The prayer of the supplemental and amended petition is that the court take an accounting and determine the amount or balance still due the plaintiff upon the note so secured by mortgage; that the court shall deem and hold the plaintiff to have a good and valid lien on and in the fund of $47,000; that the court award to the plaintiff a judgment against defendant city commanding and requiring it to satisfy the balance of plaintiff's claim with interest; and that the court award such further judgment and relief against the city as in equity and good conscience the plaintiff may be entitled to in the premises.

To this supplemental and amended petition, the defendant city filed its amended answer in which it substantially admits the facts alleged in the amended and supplemental petition, but denies liability.

As a second defense, the defendant recites the facts relating to the proceedings for the grade elimination, the action of the glass company for damages and the payment to it by the city of a judgment in such action in the total sum of $51,000 as damages to the property; but alleges that this payment was made with the knowledge and consent of the trust company, original mortgagee; and that the plaintiff is therefore barred from prosecuting this action.

As a third defense, the defendant alleges that the plaintiff has never attempted to take judgment on the note secured by the mortgage or to issue execution on the property of the makers, by reason whereof, it claims the plaintiff is barred and estopped from maintaining this action against the city of Youngstown.

As a fourth defense, defendant alleges that the glass company had given plaintiff 476 shares of stock in an Ohio corporation as additional security for the payment of plaintiff's loan, but that it never attempted to sell the stock, and kept it for a number of years until it became worthless by reason whereof the plaintiff is barred and estopped from maintaining this action.

As a fifth defense, defendant alleges that there were publications made in Youngstown newspapers concerning the legislation of the city for the grade elimination and concerning the action of the glass company against the city for damages; that the plaintiff knew or should have known of such proceedings, but failed and neglected to become a party in such lawsuit so as to claim damages to its mortgage security; and that by reason thereof the plaintiff is guilty of laches and estopped and barred from maintaining this action.

As a sixth defense, the defendant alleges that the trust company or the plaintiff bank had an agreement with the officials of the glass company that the judgment obtained in the action against the city would be applied on the mortgage of the glass company to the plaintiff; that due to such agreement, the plaintiff failed to become a party to such action or set forth its interest in the premises; and that the interest of the plaintiff bank was thereby fully satisfied.

As a seventh defense, the defendant alleges that prior to its settlement with the glass company, the law director of the defendant city informed the president of the plaintiff bank of the terms of the settlement with the glass company and the amount to be paid to it; that the president on behalf of the bank consented to the payment to the glass company; that the plaintiff at no time requested such sum be paid to it to the extent of its mortgage nor protested against the payment of the sum to the glass company; and that by reason thereof, the plaintiff is estopped and barred from now claiming the money from defendant.

As an eighth defense, the defendant alleges that the plaintiff acquired the note and mortgage by way of assignment, in a statutory merger, with full knowledge of the condition and infirmities of the mortgaged property at the time it acquired it; that plaintiff has no status to maintain its action against the defendant for any impairment of security pre-existing such assignment; and that plaintiff's petition does not state a cause of action against the defendant.

As a ninth defense, the defendant alleges that the plaintiff, as mortgagee in possession, has allowed the mortgaged property to fall in disrepair and deteriorate in value, thereby impairing the marketability of the property to the injury of the defendant.

As a tenth defense, the defendant pleads the four-year statute of limitation as a bar to the action and prays that the petition be dismissed.

A reply was filed to the amended answer.

The case came on for trial to the court and jury, and at the conclusion of all the evidence, the defendant made a motion for a directed verdict in its favor.
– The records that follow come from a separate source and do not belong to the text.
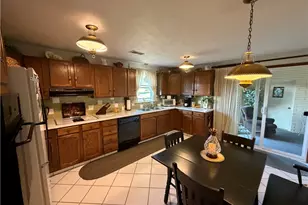 49261 S Park Cir, East Liverpool, OH 43920 - Photo 11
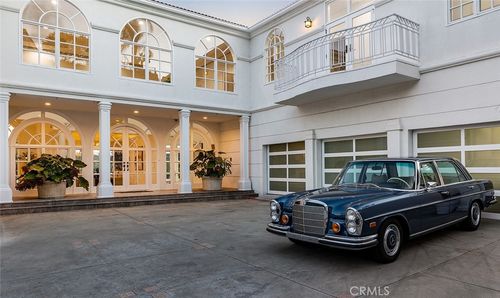 759 Foxkirk, Glendale, CA, 91206 | Card Image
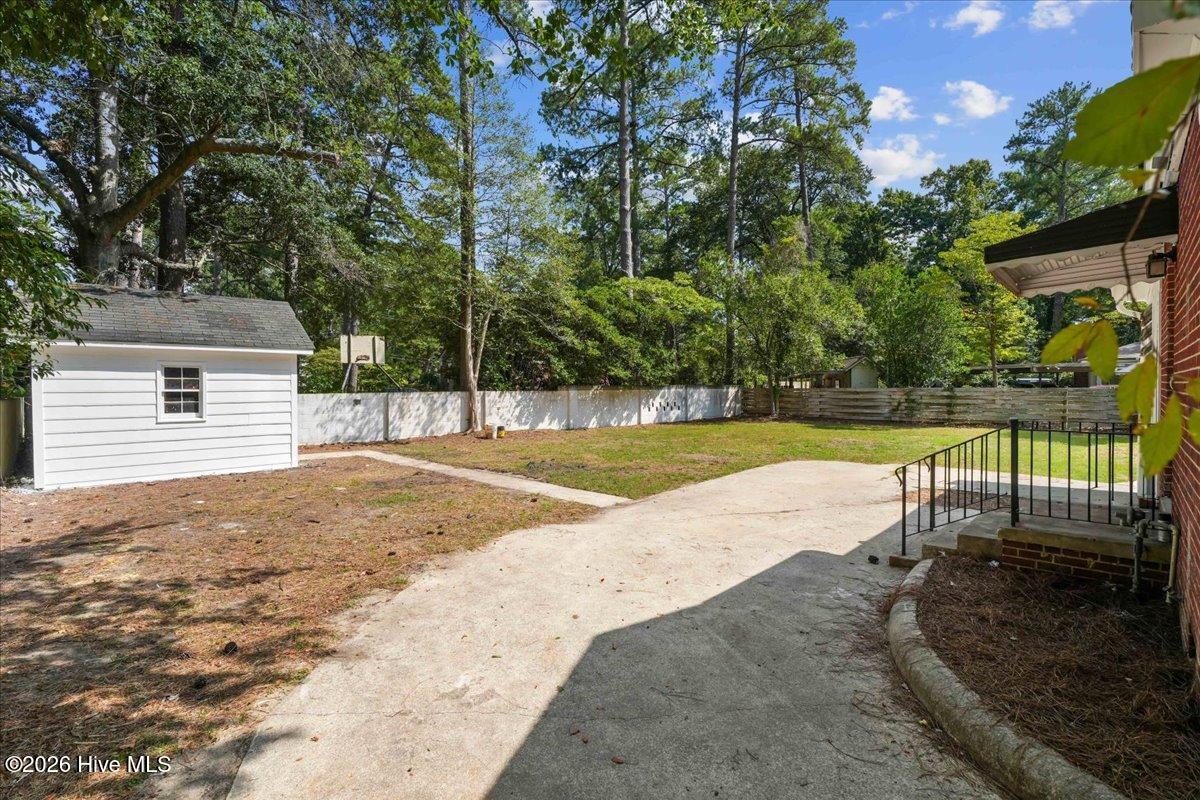 521 S Taylor Street Property Photo 4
Thereupon, the plaintiff made a like motion for a directed verdict in its favor, whereupon the defendant withdrew its motion and requested the court to submit the matter to the jury. The court sustained plaintiff's motion and directed the jury to return a verdict in favor of the plaintiff in the amount of $45,520.07 with interest at the rate of six per cent from June 23, 1941, the verdict as returned bearing date of October 2, 1942.

A motion and amended motion for a new trial were filed by the defendant, and also a motion for judgment notwithstanding the verdict. A motion was filed by the plaintiff for judgment on the verdict. The court overruled defendant's motions for a new trial and its motion for judgment notwithstanding the verdict and sustained plaintiff's motion for judgment.
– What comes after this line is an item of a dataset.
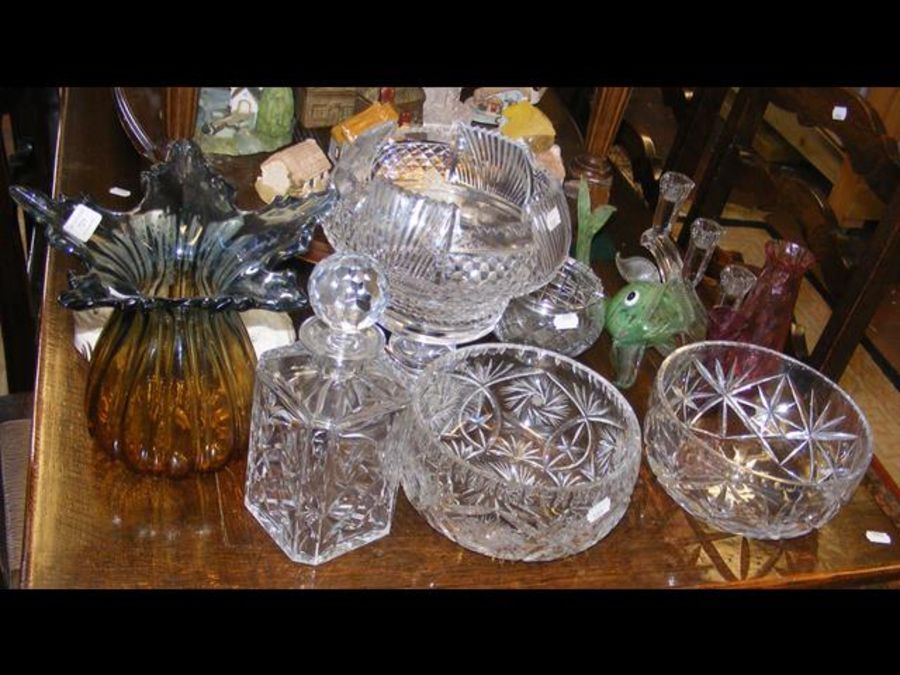 Collectable glassware, cut glass table centre, etc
The defendant appealed to the Court of Appeals on questions of law, which court affirmed the judgment in favor of the plaintiff.

The case is now in this court for review, a motion to certify the record having been allowed.

Messrs. Harrington, Huxley Smith, Mr. C. Kenneth Clark and Mr. Fred J. Heim, for appellee.

Mr. John A. Willo, Mr. John W. Powers, directors of law, Mr. I. Freeman and Mr. Homer E. Carlyle, for appellant.


Before discussing other issues, it should be determined whether this action against the defendant city by the plaintiff as mortgagee of property damaged by the city as the result of a grade-elimination project carried out by it, to require it to apply on the payment or reduction of such mortgage, such amount as has been agreed upon by the owner and the defendant as the amount of damage done to such property by reason of the prosecution of such project, not to exceed, however, the amount due on such mortgage, is a chancery action triable to the court; or, if not a chancery action, whether the trial court erred in directing a verdict for the plaintiff as mortgagee of such property for a sum equal to the impairment of its mortgage security, but not in excess of the amount agreed upon by the owner of the property and the defendant city as the damage done to such property by the grade-elimination project prosecuted by the city.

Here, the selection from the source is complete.